The Singapore research team at RHB Group Research is keeping its “overweight” rating on Singapore banks as it sees room for further net interest margin (NIM) expansion in the 1HFY2023.
Noting the “decent start” in the banks’ shares, rising 2% in the first week of 2023, after gaining 7% in 2022, the team notes that tailwinds from net interest margin (NIM) expansion would keep return on equity (ROE) on an upward trajectory, underpinning positive share price re-rating.

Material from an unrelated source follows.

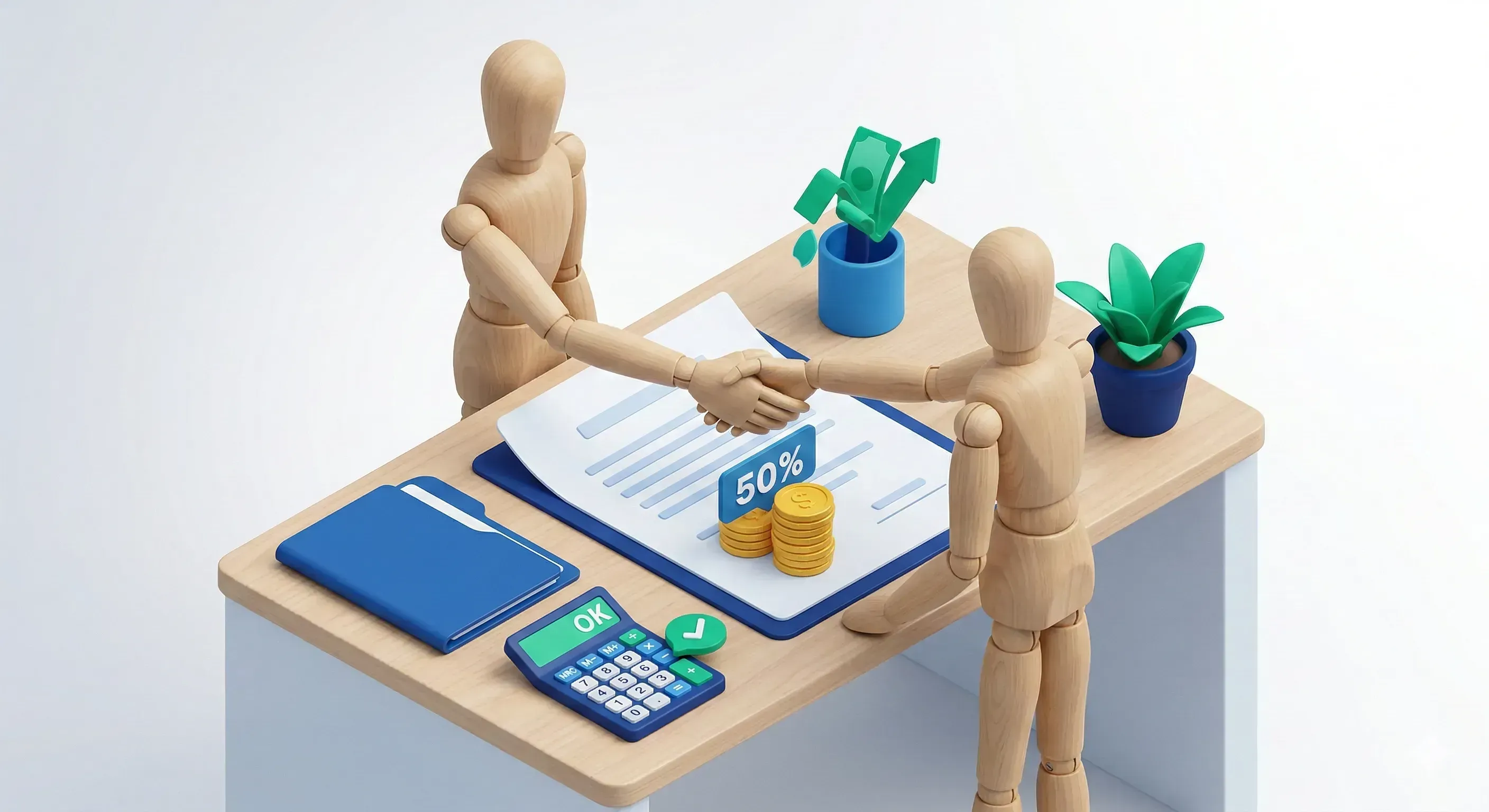 Wie Sie einen realistischen Schuldennachlass aushandeln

Even though the banks’ system current account savings account (CASA) deposits stood 17.4% lower year-to-date (ytd) to November 2022 after rising fixed deposit (FD) rates led to a steep increase of 64% ytd in FDs, the team notes that the banks’ NIM should be lifted further in the FY2023. This is due to the tailwinds from the cumulative 230 basis point (bps) to 240 bps hikes in Singapore’s short term rates in 2HFY2022 and further increases in 1HFY2023 given expectations for another 75bps rise in the Federal Funds Rate (FFR).
For the 9MFY2022, the sector’s NIM expanded by 20 bps on a y-o-y basis, it adds.
“We believe DBS, which had a higher CASA ratio of 60.3% at end-3QFY2022, would be better positioned to deliver NIM improvement,” says the team. “UOB’s CASA ratio stood at 49.8% while Oversea-Chinese Banking Corporation's (OCBC) was 56.1%.”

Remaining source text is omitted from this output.